* **About this task**
Reproduce all entries below verbatim. Skip the pictures.

* **Data shown**
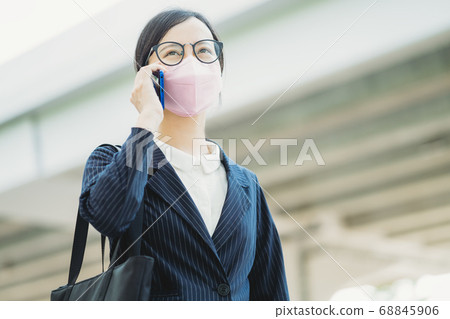 Virus, face mask, protection 68845906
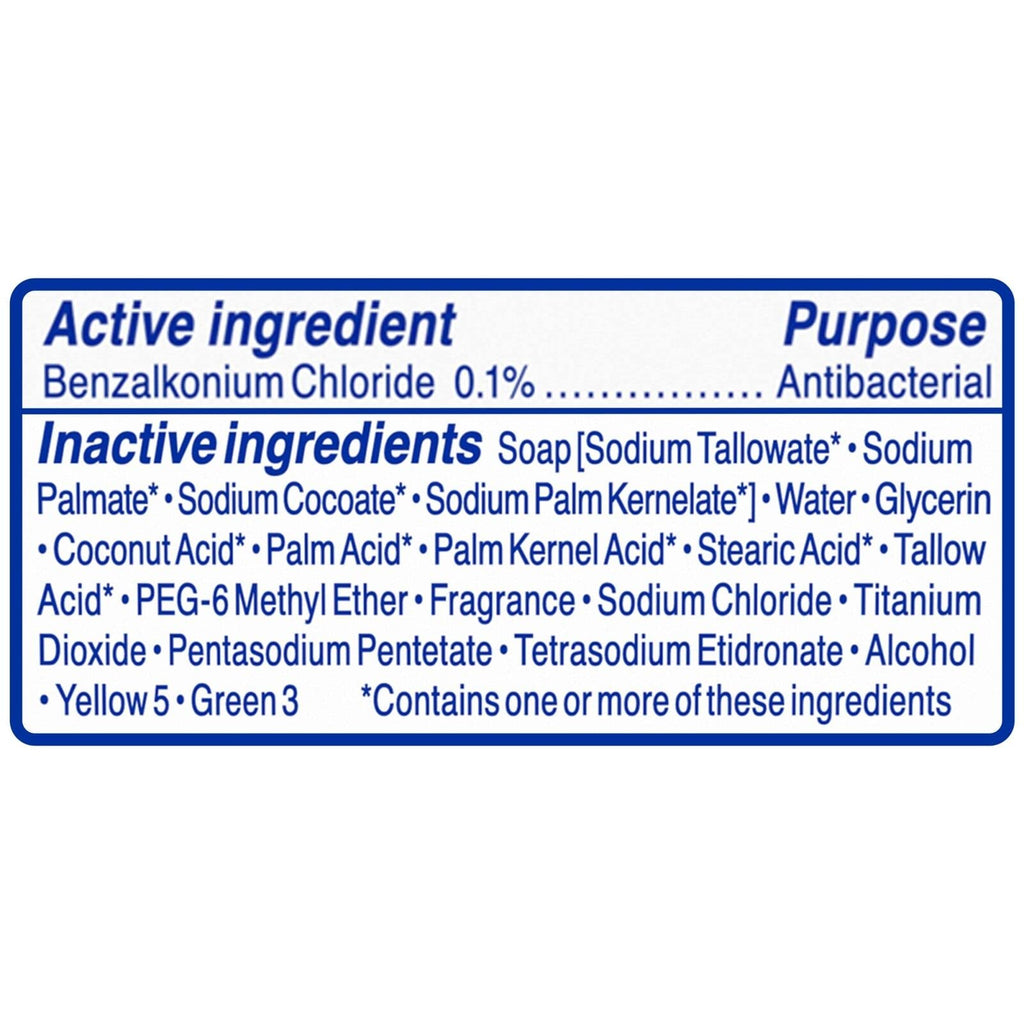 Dial Mountain Fresh Antibacterial Deodorant Bar Soap — Pack of 5, 3.4 oz Each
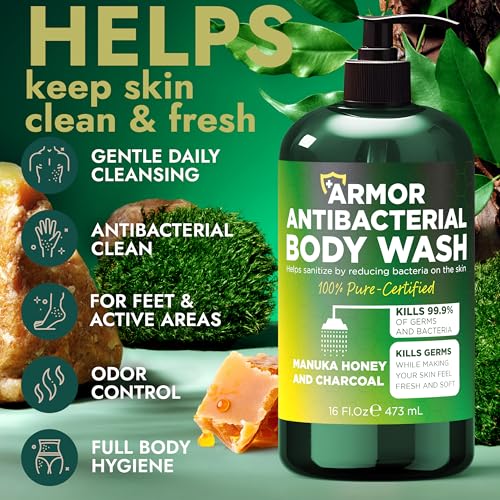 Antibacterial Body Wash for Back Acne, Body Odor & Skin Irritation 16 oz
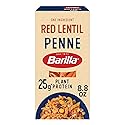 Barilla Red Lentil Penne Pasta, 8.8 oz - Vegan, Gluten Free, Non GMO & Kosher - Made with Plant Based Protein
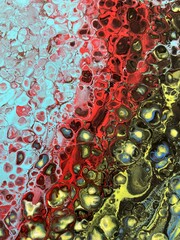 Abstract fluid art background illustration wallper unique artwork design with cells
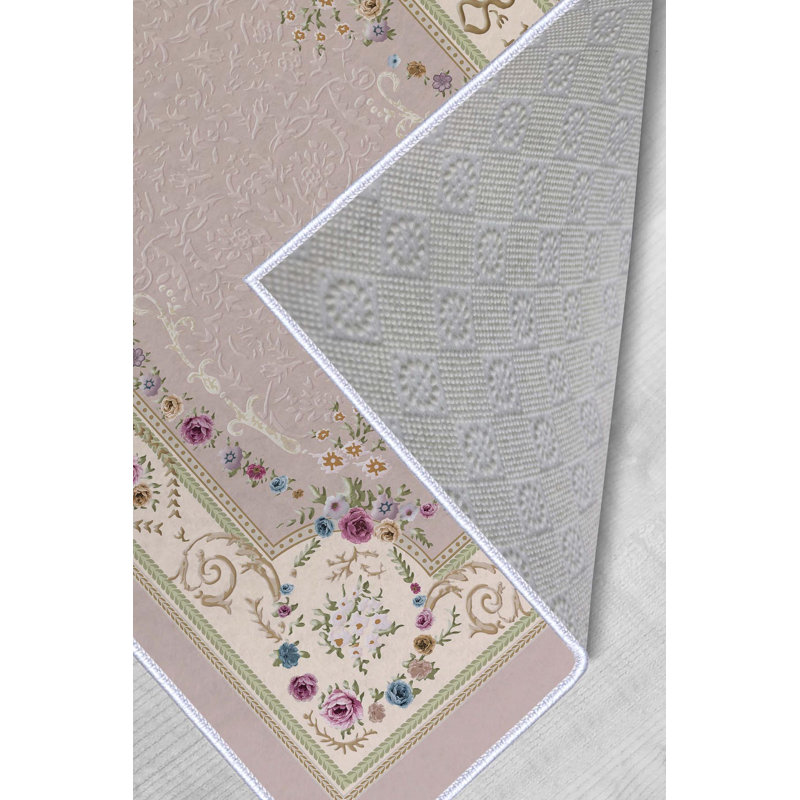 Premium Woven Area Rug (1.6 x 2.6 Feet), 100% Polyester, 0.3 in Pile Height | Antibacterial, Non-Slip PVC Dot Underside | Machine Washable, 3D Digital Print | Ideal for Living Room, Bedroom & Entryway Decor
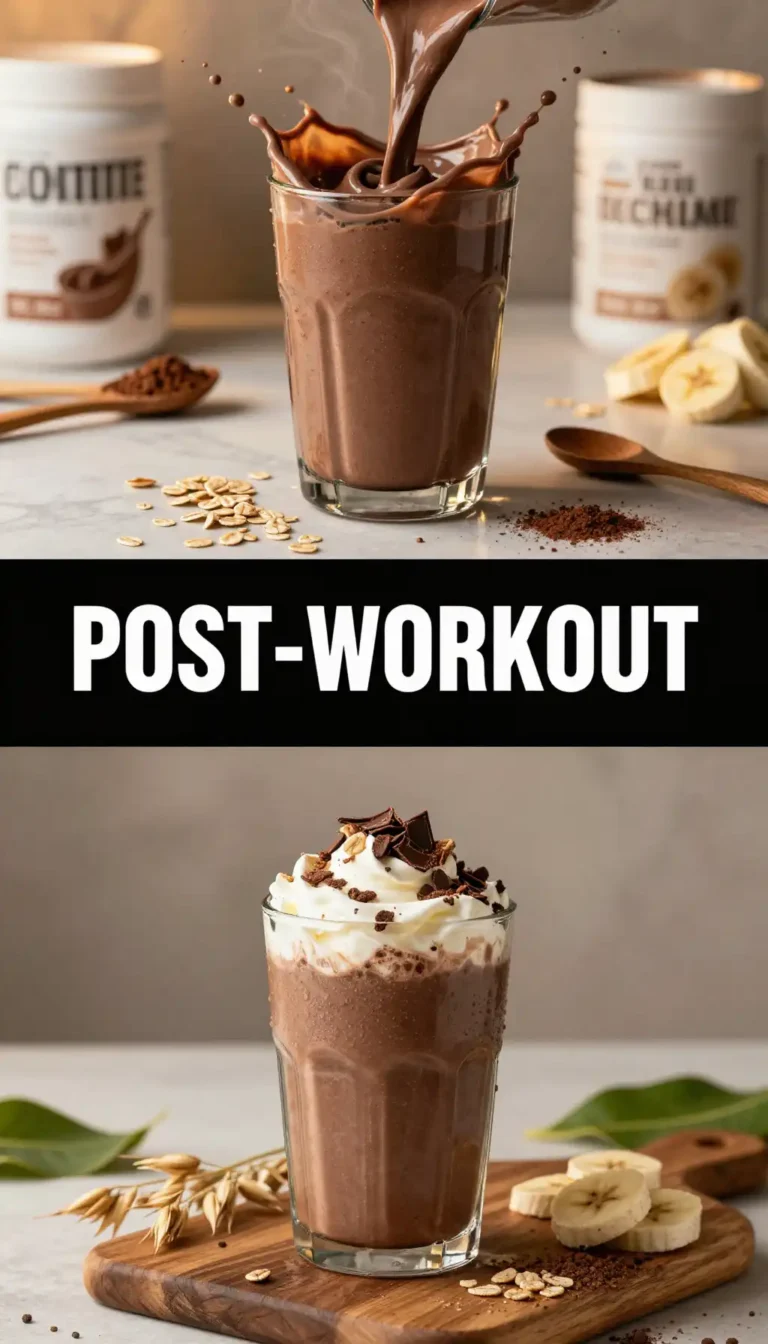 Chocolate Oat Protein Smoothie for Recovery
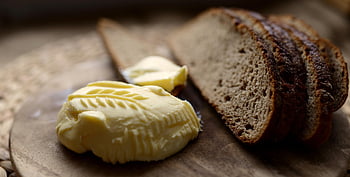 butter, loaf, bread, breakfast, food, meal, dairy, protein, nourishment, healthy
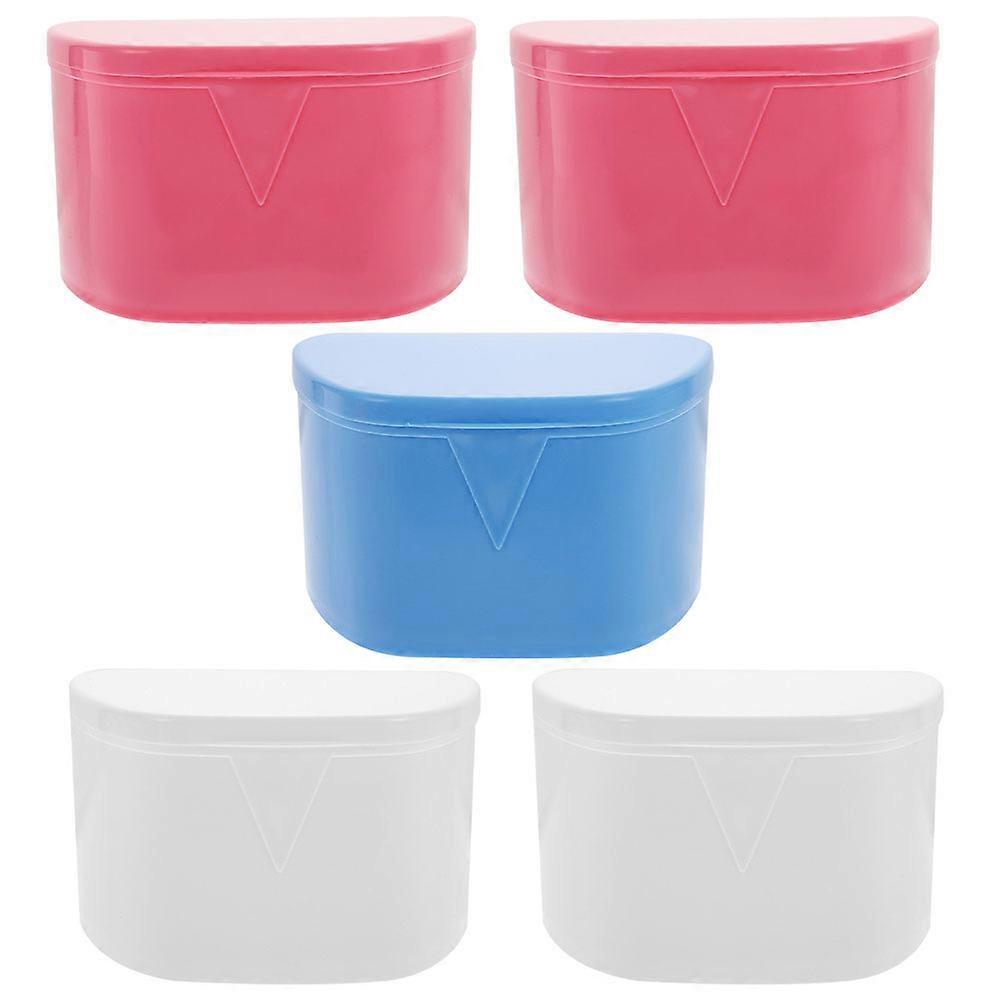 Denture Protector Case 20 Pcs For Elderly And Orthodontic Patients Durable Material Travel Storage Convenience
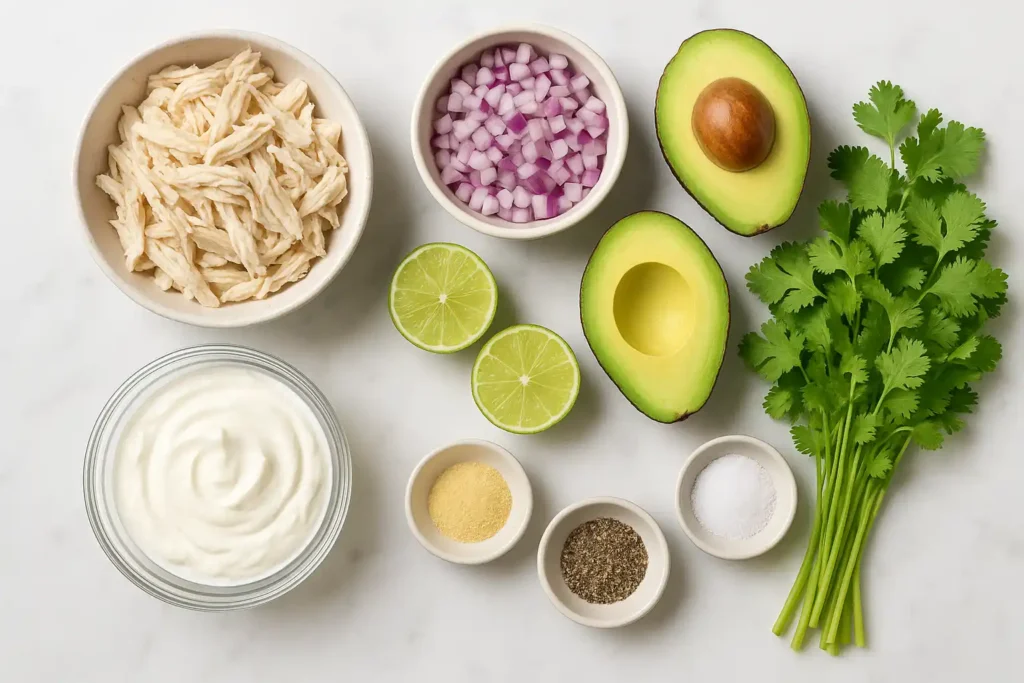High Protein Chicken Avocado Salad – The Ultimate Power Meal Guide 10 chicken avocado salad ingredients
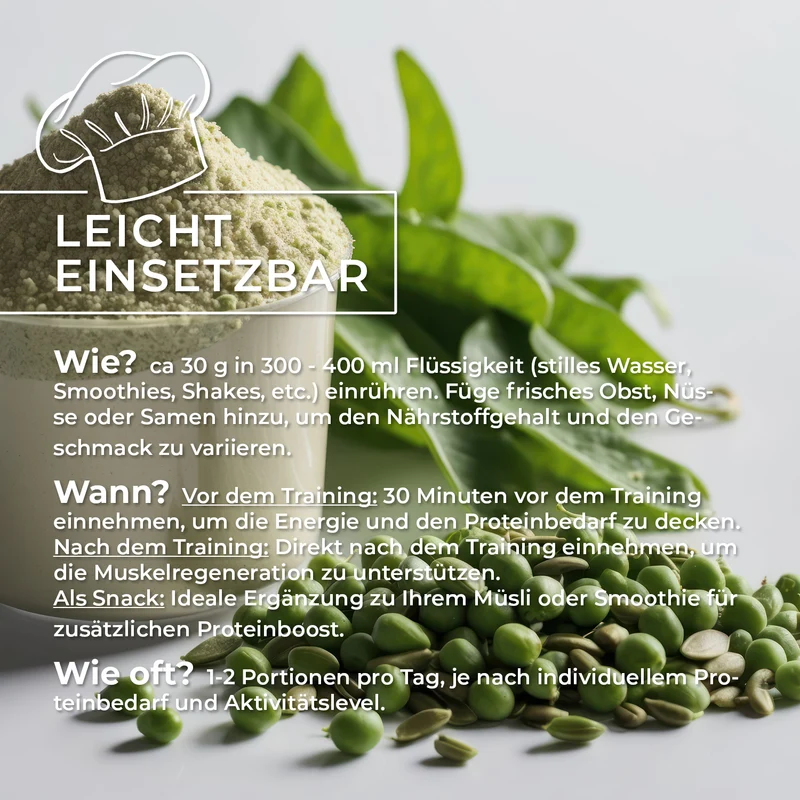 Erbsenprotein-Pulver – 82 % Eiweiß-Isolat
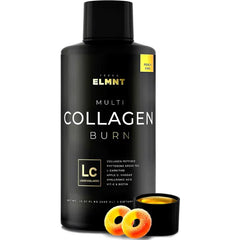TERRA ELMNT Premium Liquid Collagen for Women Weight Loss & Beauty w. Hyaluronic Acid, Biotin, L-Carnitine, ACV - Ultra Pure Multi Collagen Protein Shots Drink Hair Skin Liquid Vitamins, Colageno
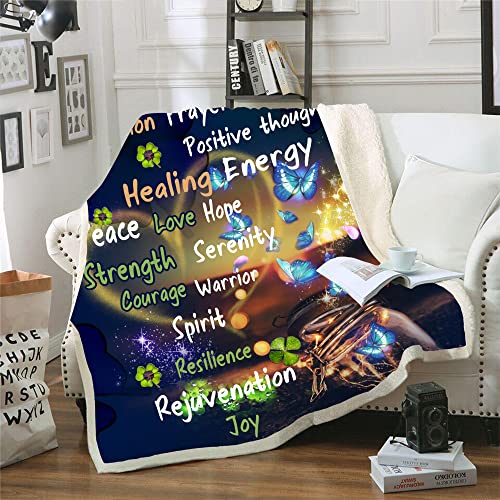 Onecmore Heilendes Mitgefühl, warme Umarmungen, Geschenkdecke, Trauergeschenk, Krebs, Chemo, Überlebender, Pflege, Genesung, bald Geschenke, Männer, Freund (tq2.127x150x152.50x152.4 cm)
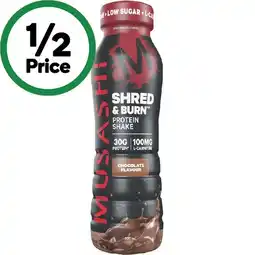 Woolworths Musashi Shred & Burn Protein Shake offer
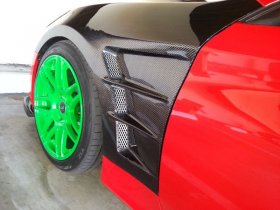 Hyundai Genesis Coupe 2009-2016 Vented Carbon Fiber fender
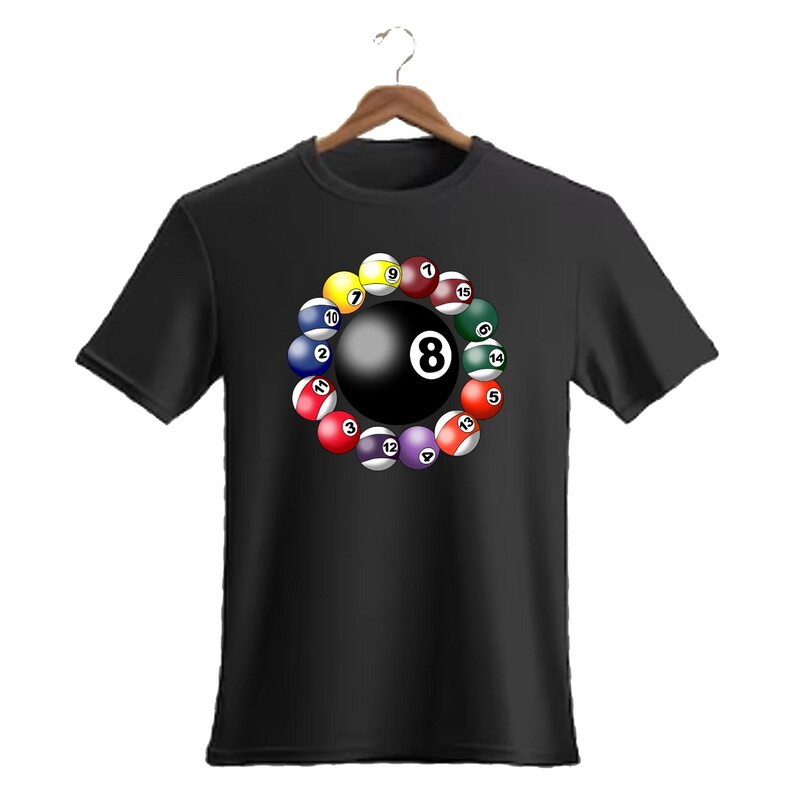 Imágenes prediseñadas de billar - Juego de billar de 8 bolas - PNG - JPG - Descarga digital. imagen 4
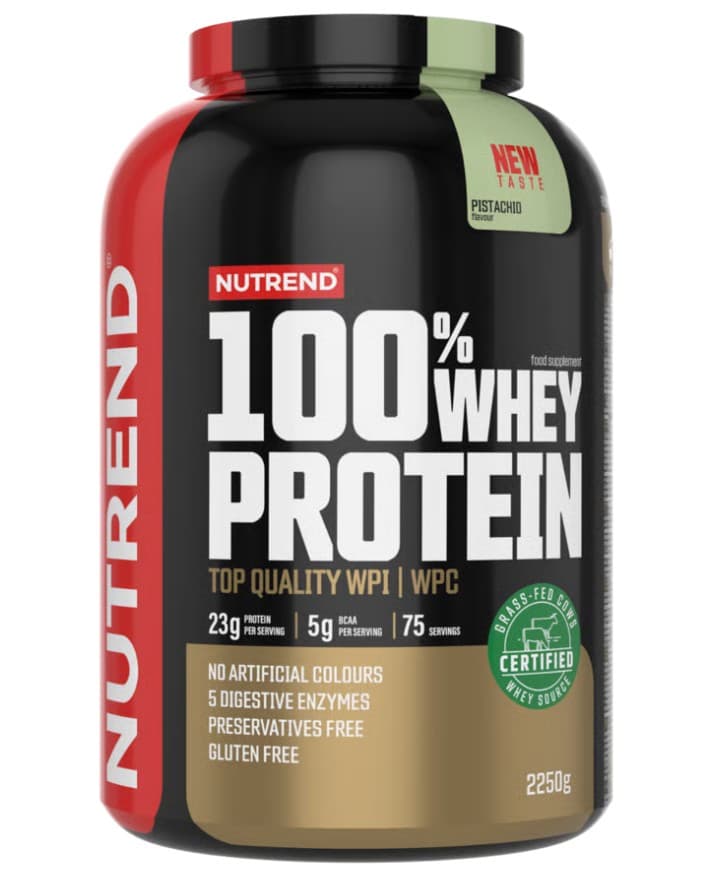 Nutrend 100% Whey Protein, Pistachio - 2250 grams
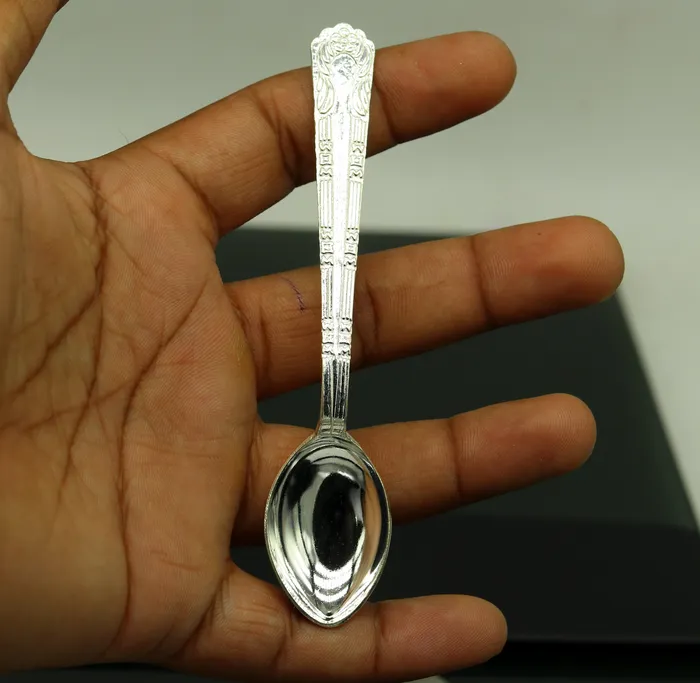 fabulous sterling silver handmade solid silver46 spoon kitchen utensils vessels silver has antibacterial properties stay healthy sv60 TRIBAL ORNAMENTS Rings
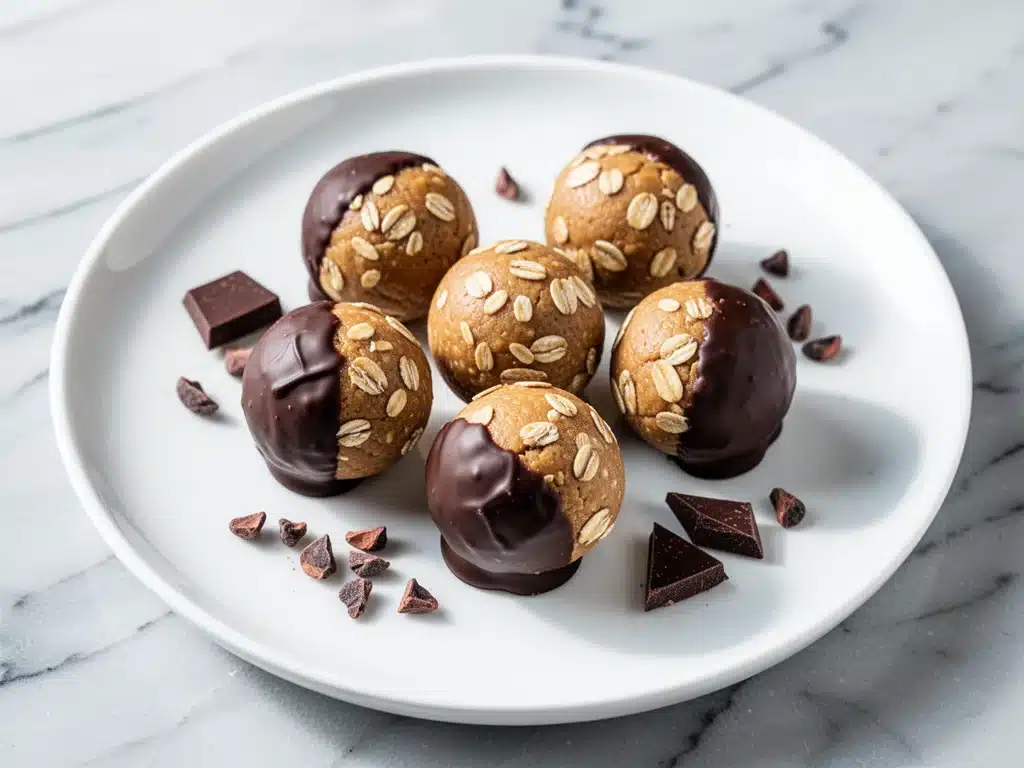 no-bake peanut butter protein balls - featured image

* **Completed task**
 Virus, face mask, protection 68845906
 Dial Mountain Fresh Antibacterial Deodorant Bar Soap — Pack of 5, 3.4 oz Each
 Antibacterial Body Wash for Back Acne, Body Odor & Skin Irritation 16 oz
 Barilla Red Lentil Penne Pasta, 8.8 oz - Vegan, Gluten Free, Non GMO & Kosher - Made with Plant Based Protein
 Abstract fluid art background illustration wallper unique artwork design with cells
 Premium Woven Area Rug (1.6 x 2.6 Feet), 100% Polyester, 0.3 in Pile Height | Antibacterial, Non-Slip PVC Dot Underside | Machine Washable, 3D Digital Print | Ideal for Living Room, Bedroom & Entryway Decor
 Chocolate Oat Protein Smoothie for Recovery
 butter, loaf, bread, breakfast, food, meal, dairy, protein, nourishment, healthy
 Denture Protector Case 20 Pcs For Elderly And Orthodontic Patients Durable Material Travel Storage Convenience
High Protein Chicken Avocado Salad – The Ultimate Power Meal Guide 10 chicken avocado salad ingredients
 Erbsenprotein-Pulver – 82 % Eiweiß-Isolat
TERRA ELMNT Premium Liquid Collagen for Women Weight Loss & Beauty w. Hyaluronic Acid, Biotin, L-Carnitine, ACV - Ultra Pure Multi Collagen Protein Shots Drink Hair Skin Liquid Vitamins, Colageno
 Onecmore Heilendes Mitgefühl, warme Umarmungen, Geschenkdecke, Trauergeschenk, Krebs, Chemo, Überlebender, Pflege, Genesung, bald Geschenke, Männer, Freund (tq2.127x150x152.50x152.4 cm)
 Woolworths Musashi Shred & Burn Protein Shake offer
 Hyundai Genesis Coupe 2009-2016 Vented Carbon Fiber fender
 Imágenes prediseñadas de billar - Juego de billar de 8 bolas - PNG - JPG - Descarga digital. imagen 4
 Nutrend 100% Whey Protein, Pistachio - 2250 grams
 fabulous sterling silver handmade solid silver46 spoon kitchen utensils vessels silver has antibacterial properties stay healthy sv60 TRIBAL ORNAMENTS Rings
 no-bake peanut butter protein balls - featured image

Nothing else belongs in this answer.